-- RAW DATA follows --
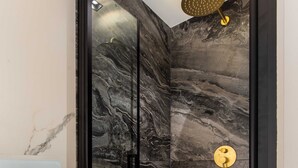 A modern bathroom with a glass-enclosed shower, marble walls, and a gold showerhead. - Cosy Apart - 3br/6p - Jardin du Luxembourg/odeon (Paris)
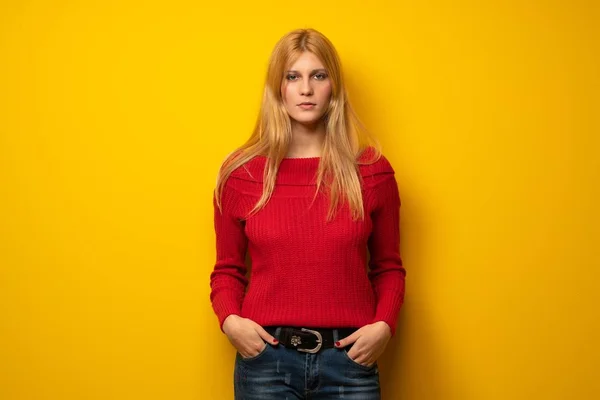 Blonde woman over yellow wall portrait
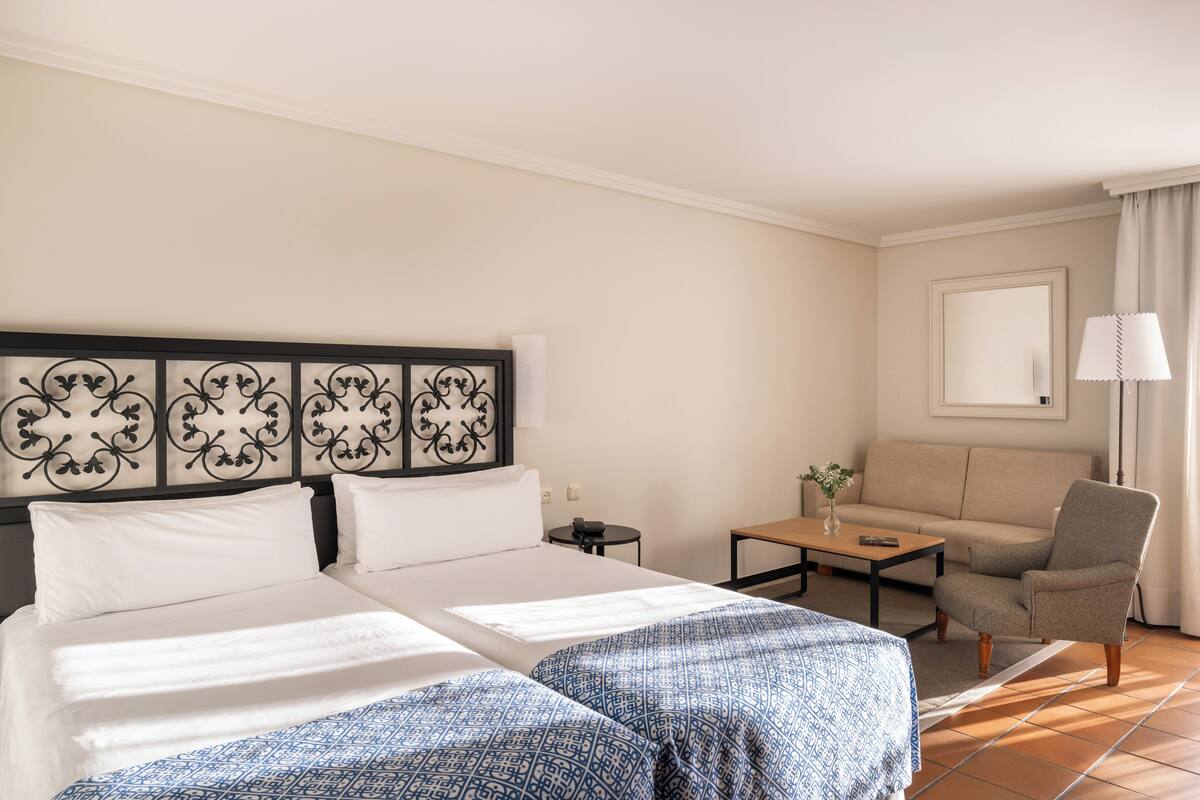A hotel room with two beds, a sofa, a small table, and a lamp.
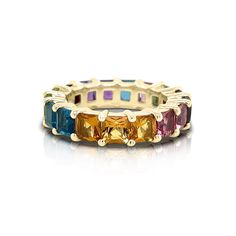 Get Surprise Gift on Purchase of any 18k Gold Jewelry The 5.00 Carat Princess Cut Rainbow Colored Gemstone Eternity Ring is a breathtaking piece that embodies luxury and vibrant beauty. Each gemstone in this ring is princess cut, maximizing the sparkle and showcasing the vivid colors of the rainbow. Set in an eternity band, these stones create a continuous loop of radiant hues, making it a symbol of infinite love and elegance. Perfect for those who appreciate bold and colorful jewelry, this ring Rainbow Diamond, Princess Cut Ring, Sapphire Eternity Ring, Ring Princess Cut, Rainbow Ring, Rainbow Sapphires, Rainbow Rings, Ring Sapphire, Yellow Gemstones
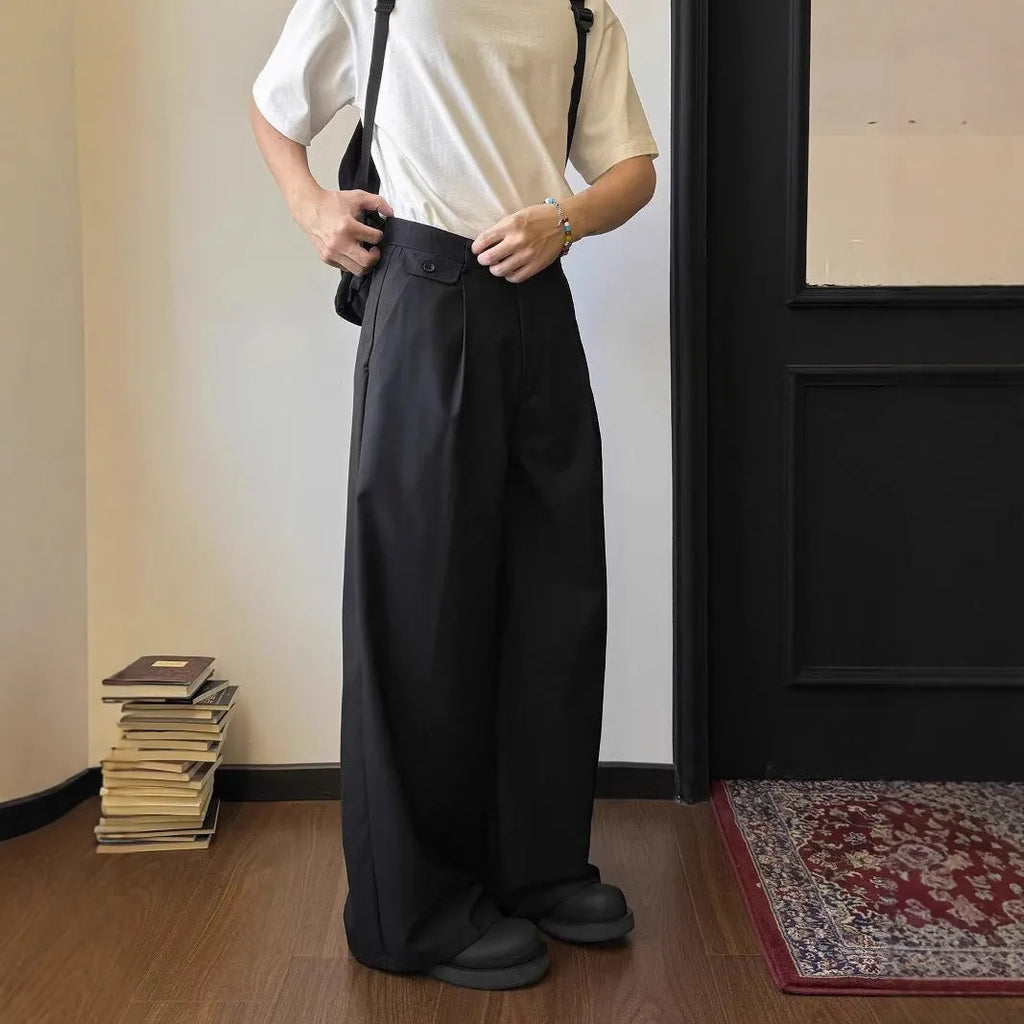 Men's brown straight-leg wide-leg casual trousers showing drape and fit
-- RAW DATA concluded --
* [WHAT IS NEEDED]:
The records need to be restated word for word, minus any images.

* [RESULT BELOW]:
 A modern bathroom with a glass-enclosed shower, marble walls, and a gold showerhead. - Cosy Apart - 3br/6p - Jardin du Luxembourg/odeon (Paris)
 Blonde woman over yellow wall portrait
A hotel room with two beds, a sofa, a small table, and a lamp.
 Get Surprise Gift on Purchase of any 18k Gold Jewelry The 5.00 Carat Princess Cut Rainbow Colored Gemstone Eternity Ring is a breathtaking piece that embodies luxury and vibrant beauty. Each gemstone in this ring is princess cut, maximizing the sparkle and showcasing the vivid colors of the rainbow. Set in an eternity band, these stones create a continuous loop of radiant hues, making it a symbol of infinite love and elegance. Perfect for those who appreciate bold and colorful jewelry, this ring Rainbow Diamond, Princess Cut Ring, Sapphire Eternity Ring, Ring Princess Cut, Rainbow Ring, Rainbow Sapphires, Rainbow Rings, Ring Sapphire, Yellow Gemstones
 Men's brown straight-leg wide-leg casual trousers showing drape and fit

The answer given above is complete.